Si el copioso aguacero de la víspera no desanimó a los peregrinos que se habían concentrado en la plaza del Salvador del Mundo, ante un escenario que parecía más propio de un concierto de rock que de una misa, menos el suave sol de mayo que ayer, con más misericordia, iluminó San Salvador. Con la ciudad tomada por miles de soldados, efectivos de la policía militar y policías, y todo el centro de la capital sellado al tráfico rodado, decenas de miles de personas asistieron a la «inscripción en el número de los beatos» de un religioso que «fue asesinado por decir la verdad».
Así lo cree Horacio González, originario de «Ciudad Barrios, como San Romero». Campesino de 70 años que cojea ostensiblemente, paño rojo en mano que le sirve para sacar brillo al bronce del conjunto escultórico de bronce que, en la cripta de la catedral de San Salvador, cubre los restos del arzobispo asesinado en un país que no ha dejado de desangrarse desde entonces: primero por la guerra civil que entre 1980 y 1990 se cobró 80.000 muertos, y ahora por las maras y la delincuencia, que se cobra centenares de vidas, casi todas jóvenes, cada semana.
Las consignas enfervorizadas se suceden desde las grandes pantallas plantadas en medio de las avenidas que rodean la plaza del Salvador del Mundo, donde se celebra la misa de la beatificación. «Que sigamos siendo micrófonos de Dios», proclama con entusiasmo el maestro de ceremonias mientras los repartidores de pupusas (tortillas rellenas) y tamales hacen su pequeño agosto, y los voluntarios reparten bolsitas de agua. «Vamos a la milpa de la comunión. Ya no más divisiones, somos un mismo pueblo. Viva monseñor Romero». La jornada tiene más de fiesta popular que de solemne ceremonia religiosa, pese a la profusión de sotanas y dignatarios. Mientras los altavoces retransmiten a todo volumen la canción «Vienen con alegría, Señor» y dos monjas de blanco inmaculado tratan malamente de seguir el compás, una pancarta llama la atención sobre algunas contradicciones que pueblan el imaginario y el día a día salvadoreño: «La oligarquía lo mandó matar, ahora lo vienen a adorar».

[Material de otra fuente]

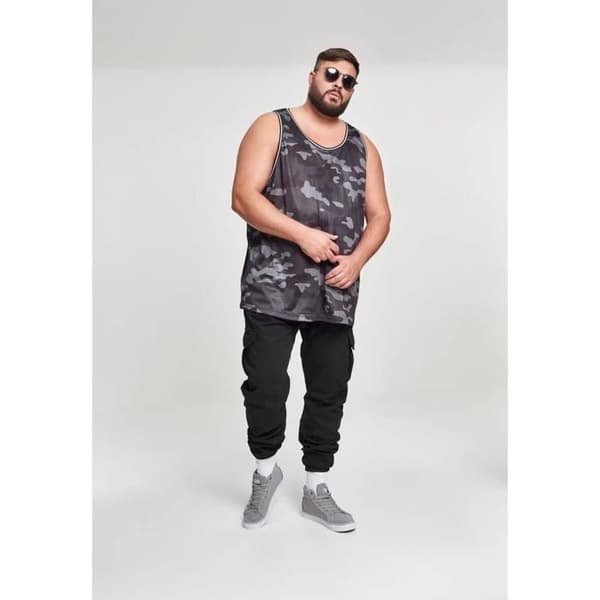 Tanktop - Urban Classics - MESH - Mörkgrå kamouflage - 100% polyester - Lös passform Grå S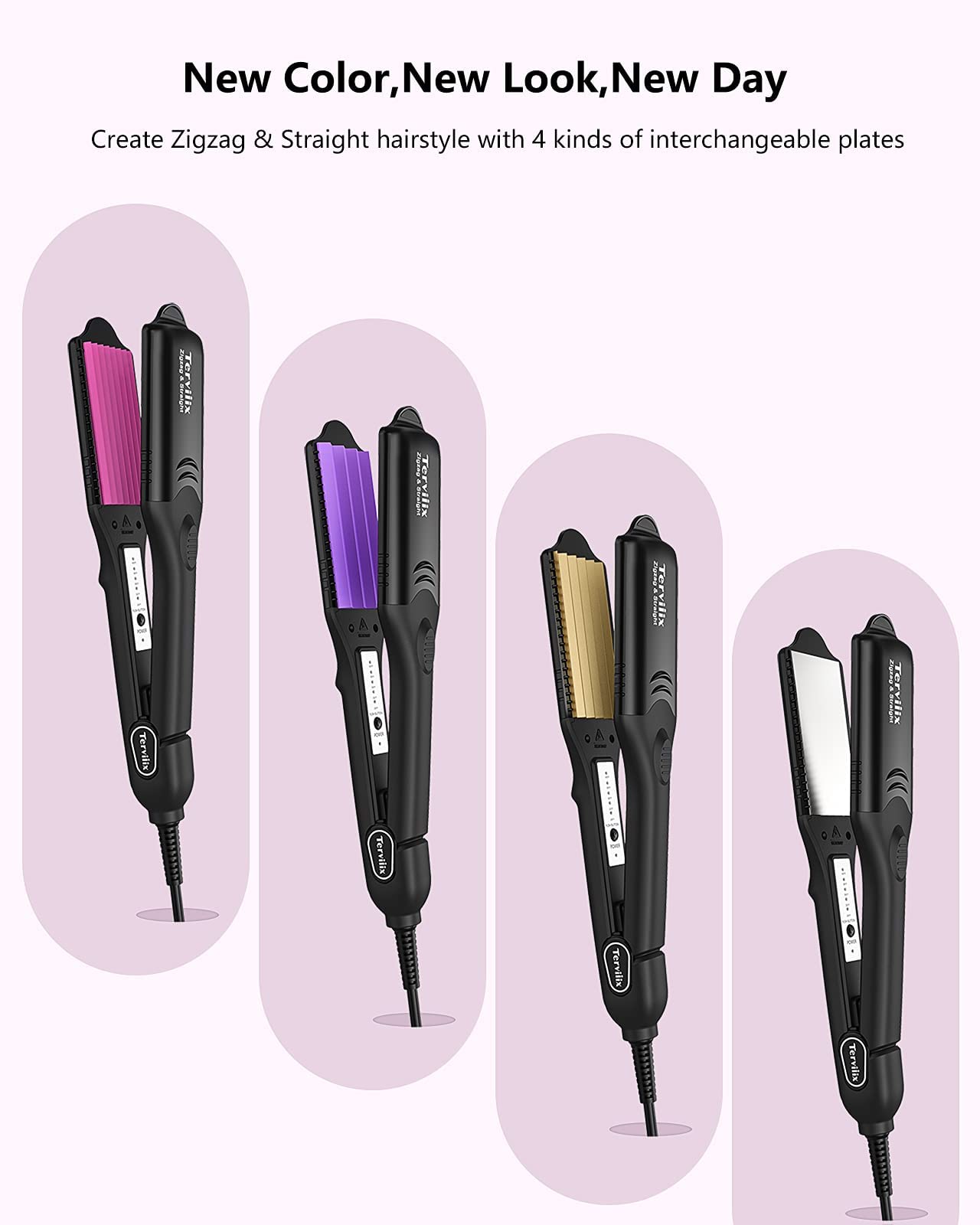 Terviiix Hair Crimper for Women with 4 Interchangeable Plates - Keratin & Argan Oil Infused Crimping Iron for Voluminous Waves & Curls - 5 Heat Settings & 60 Min Auto Off - Perfect for Beach Waves, Boho Hairstyles & Party Looks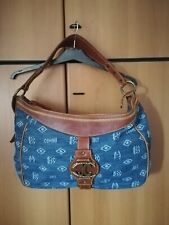borsa just cavalli in tessuto jeans e pelle
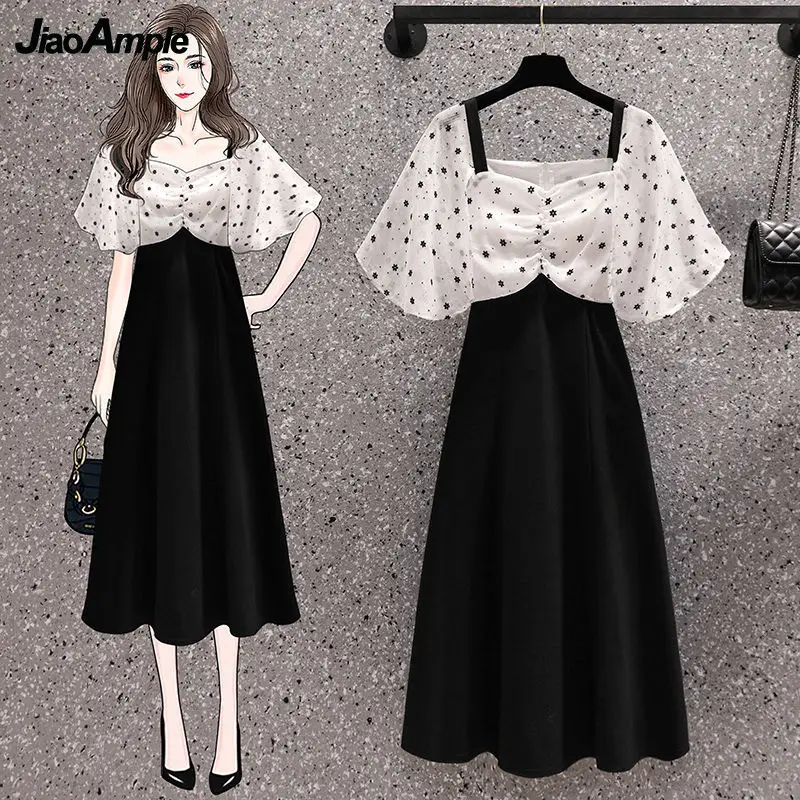 

2022 Summer French Graceful Patchwork Women's Dress Lady Elegant Chiffon Print Square Collar Dresses Female Evening Party Gown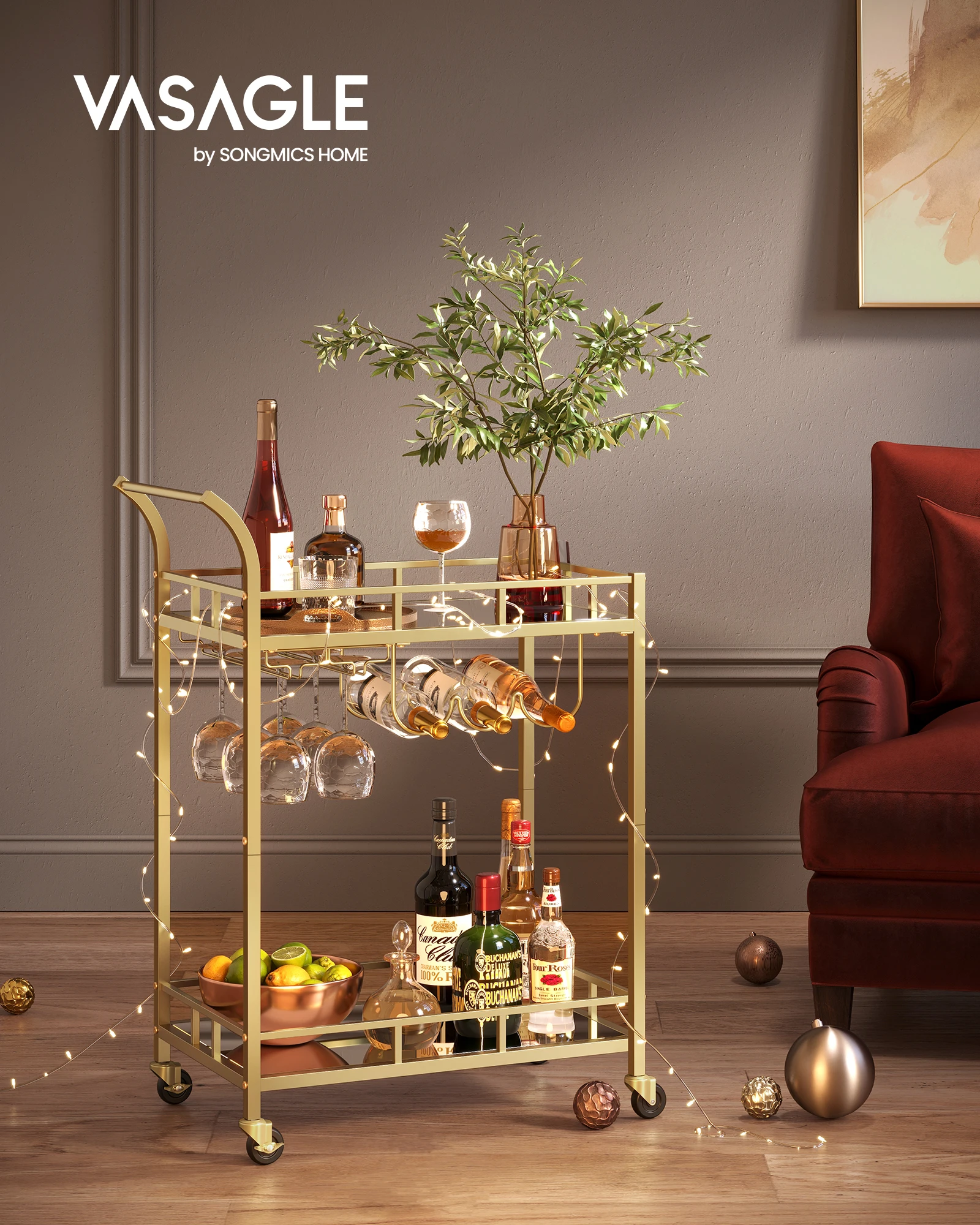 VASAGLE Cocktail Alcohol Trolley for Kitchen Dining Living Room Outdoor Serving Trolley  2 Tier Bar Cart With Wine Bottle Racks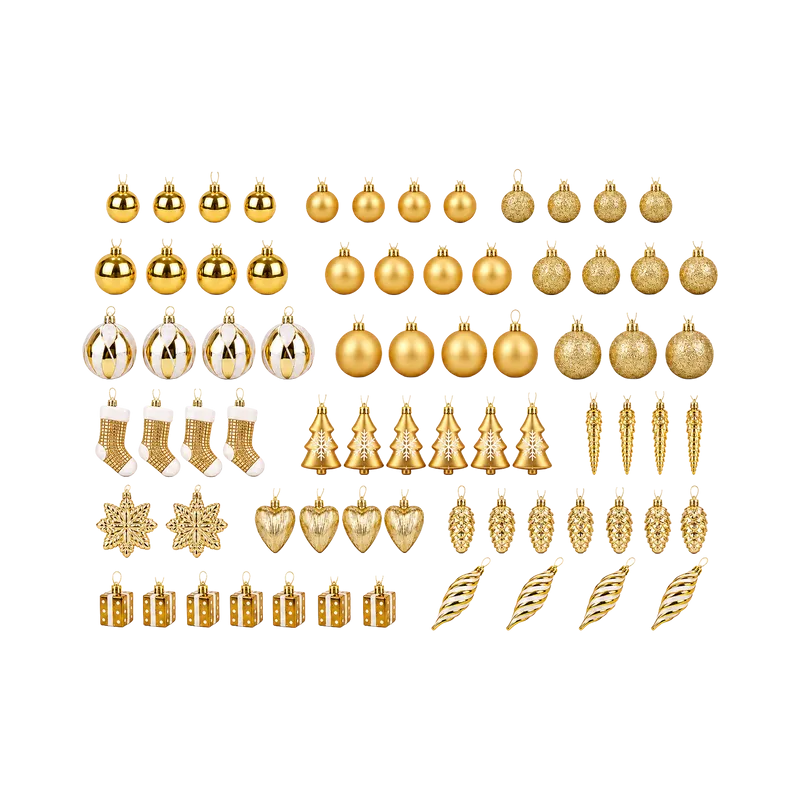 Set Ornamente Diversificate de Craciun / Rosu - 72P.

«He venido porque creo en Dios. Era un gran profeta». Paula Luna, limpiadora doméstica de 65 años, flaca y con el pelo blanco, vecina del pueblo de Zaragoza, no lejos de la capital, no ha querido perderse la ceremonia. ¿Por qué le mataron? «Por decir la verdad».Tras una biografía que no deja de lado el compromiso de monseñor Romero con los pobres y frente a la injusticia, leída por el postulador de la causa, el oficiante lee la carta que ha enviado el Papa Francisco, verdadero acelerador de partículas de la beatificación del religioso salvadoreño, en la que anuncia la incorporación de monseñor Romero al número de los beatos.
Mientras la gente canta, reza, aplaude y bebe en torno a la columna de la plaza del Salvador del Mundo, la vida sigue su ritmo entre urgente y morosa en el centro histórico de San Salvador, dominado por cinco maras, como recientemente relató el diario digital «El Faro» en un amplio reportaje titulado de forma inquietante: «Los bichos gobiernan el Centro». Dentro de la catedral y en la bellísima iglesia del Rosario, los devotos siguen la ceremonia a través de grandes pantallas que velan el altar mayor. En los billares de un tugurio llamado La Dalia, ajeno al olor de santidad, los jugadores siguen con su eterna partida, igual que los limpiabotas de los soportales que también dan al Parque Libertad. En la cripta donde reposan los restos del nuevo beato, ante la efigie yacente de monseñor Romero, con el pecho roto por una bola roja que representa la bala que acabó con su vida, los «romeristas» desfilan y se hacen fotos sin cesar.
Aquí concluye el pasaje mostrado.